■ Excerpted data:
:::
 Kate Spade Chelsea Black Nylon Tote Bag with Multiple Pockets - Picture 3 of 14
:::
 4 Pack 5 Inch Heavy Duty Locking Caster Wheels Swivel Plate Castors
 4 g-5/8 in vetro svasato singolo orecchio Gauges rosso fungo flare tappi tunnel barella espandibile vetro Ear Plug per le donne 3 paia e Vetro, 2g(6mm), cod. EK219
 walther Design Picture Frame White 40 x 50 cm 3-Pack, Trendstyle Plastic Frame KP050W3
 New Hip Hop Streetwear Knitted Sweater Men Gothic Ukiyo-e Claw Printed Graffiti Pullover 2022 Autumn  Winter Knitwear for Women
:::
■ Work to be completed:
Lines, not occurrences, are what count: report how many lines of the records above include the word "Picture", and nothing else.

■ Written solution:
2